Tissue engineering has recently focused on biomimetic matrices, usually polymer hydrogels, that include multiple layers with distinct structures and chemical components. (see, P. X. Ma, Adv. Drug Deliv. Rev. 2008, 60, 184; K. Y. Lee, et al., Chem. Rev. 2001, 101, 1869; A. Khademhosseini, et al., Biomaterials 2007, 28, 5087).
Current methods of fabricating such matrices are complex or expensive to implement and often produce mechanical weaknesses between layers. (see, E. S. Place, et al., Nat. Mater. 2009, 8, 457) Thus, an adaptable, facile, and economical multilayer polymer fabrication technique that produces continuous interfaces between layers is needed.

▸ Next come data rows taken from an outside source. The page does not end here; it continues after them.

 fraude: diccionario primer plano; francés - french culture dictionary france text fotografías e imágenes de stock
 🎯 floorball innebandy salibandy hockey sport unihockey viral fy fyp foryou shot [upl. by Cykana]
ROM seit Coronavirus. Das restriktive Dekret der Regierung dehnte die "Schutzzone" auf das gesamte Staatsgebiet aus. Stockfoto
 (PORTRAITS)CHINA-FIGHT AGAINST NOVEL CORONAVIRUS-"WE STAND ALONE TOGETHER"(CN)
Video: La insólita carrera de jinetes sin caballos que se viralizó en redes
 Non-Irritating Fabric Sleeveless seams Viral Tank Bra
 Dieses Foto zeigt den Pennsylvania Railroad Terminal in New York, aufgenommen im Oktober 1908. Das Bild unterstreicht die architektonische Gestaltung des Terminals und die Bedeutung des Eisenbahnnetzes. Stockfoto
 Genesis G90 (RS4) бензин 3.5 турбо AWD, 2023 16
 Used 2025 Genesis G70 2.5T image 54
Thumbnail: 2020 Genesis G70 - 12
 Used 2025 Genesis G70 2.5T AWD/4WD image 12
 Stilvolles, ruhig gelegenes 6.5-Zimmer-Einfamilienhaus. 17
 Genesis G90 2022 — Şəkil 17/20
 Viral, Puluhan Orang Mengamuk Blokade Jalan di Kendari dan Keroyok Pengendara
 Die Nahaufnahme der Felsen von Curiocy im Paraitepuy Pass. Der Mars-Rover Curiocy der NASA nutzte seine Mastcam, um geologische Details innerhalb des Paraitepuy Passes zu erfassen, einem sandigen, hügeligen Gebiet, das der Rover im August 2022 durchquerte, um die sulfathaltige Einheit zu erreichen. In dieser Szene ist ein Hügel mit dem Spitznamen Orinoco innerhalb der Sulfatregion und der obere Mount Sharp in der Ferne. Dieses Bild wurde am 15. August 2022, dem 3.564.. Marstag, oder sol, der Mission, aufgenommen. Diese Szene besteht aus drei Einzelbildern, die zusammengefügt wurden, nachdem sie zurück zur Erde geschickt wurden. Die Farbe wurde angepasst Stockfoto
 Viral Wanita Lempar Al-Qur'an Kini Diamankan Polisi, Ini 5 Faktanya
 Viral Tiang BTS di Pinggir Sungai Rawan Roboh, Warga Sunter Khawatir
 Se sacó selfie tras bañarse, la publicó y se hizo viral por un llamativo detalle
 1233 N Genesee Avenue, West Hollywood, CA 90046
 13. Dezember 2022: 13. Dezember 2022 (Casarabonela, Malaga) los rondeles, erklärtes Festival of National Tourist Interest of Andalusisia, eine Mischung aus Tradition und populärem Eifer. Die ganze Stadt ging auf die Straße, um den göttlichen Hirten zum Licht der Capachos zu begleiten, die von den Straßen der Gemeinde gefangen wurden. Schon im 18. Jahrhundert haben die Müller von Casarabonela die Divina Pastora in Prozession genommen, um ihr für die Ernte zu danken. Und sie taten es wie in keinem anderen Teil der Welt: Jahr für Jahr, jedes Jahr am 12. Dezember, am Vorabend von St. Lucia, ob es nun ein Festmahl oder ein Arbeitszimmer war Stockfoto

Existing strategies allow for construction of multiphase scaffolds with varying degrees of complexity. Multiphase biopolymer-based hydrogel matrices have been previously fabricated by additive photopatterning, (see, V. A. Liu, et al., Biomed. Microdevices 2002, 4, 257; J. H. Elisseeff, et al., Tissue Eng.g 2007, 13, 405; L. M. Weber, C. Y. Cheung, K. S. Anseth, Cell Transplantation 2008, 16, 1049), laser scanning lithography (see, M. S. Hahn, et al., Adv. Materials 2005, 17, 2939), printing (see, T. Boland, et al., Biotechnology J. 2006, 1, 910), sequential functionalization (see, S. Kizilel, et al., Biomaterials 2006, 27, 1209), and freeze-drying (see, B. A. Harley, et al., J. Biomed. Mater. Res. A 2010, 92, 1078; S. Varghese, et al., J. Mater. Chem. 2010, 20, 345).
Additionally, spatial control of chemical or mechanical gradients has been achieved using gradient makers (see, K. Chatterjee, et al., Biomaterials 2010, 31, 5051), microfluidics (see, S. Cosson, et al., Adv. Funct. Materials 2009, 19, 3411; J. He, et al., Adv. Funct. Materials 2010, 20, 131; M. P. Cuchiara, et al., Biomaterials 2010, 31, 5491), and centrifugation (see, J. L. Roam, et al., Biomaterials 2010, 31, 8642). Another approach is to attach layers after fabrication (see, K. S. Straky, et al., Adv. Materials 2009, 21, 4148; J. P. Gleghorn, et al., J. Biomed. Materials Res.-A 2008, 85, 611).
However, these techniques may not be widely adopted because they require sophisticated instrumentation and/or technical proficiency.